■ Information provided
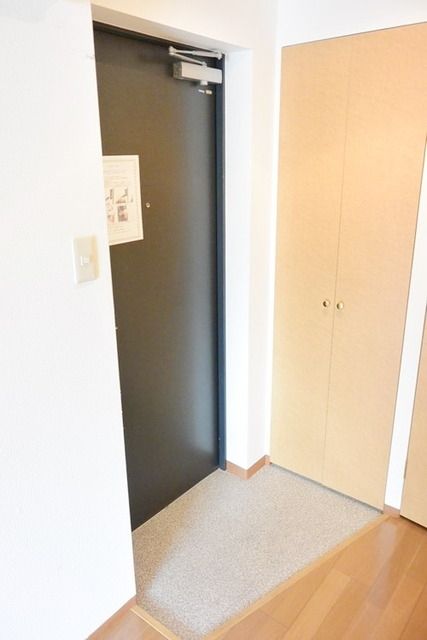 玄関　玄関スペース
---
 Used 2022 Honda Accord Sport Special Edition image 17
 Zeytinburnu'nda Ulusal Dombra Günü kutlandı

■ Exercise
Will you return exactly the lines above from the one with "Used 2022 Honda" down to the one with "Zeytinburnu'nda Ulusal Dombra Günü kutlandı", counting both as part of the range?

■ Answer below
 Used 2022 Honda Accord Sport Special Edition image 17
 Zeytinburnu'nda Ulusal Dombra Günü kutlandı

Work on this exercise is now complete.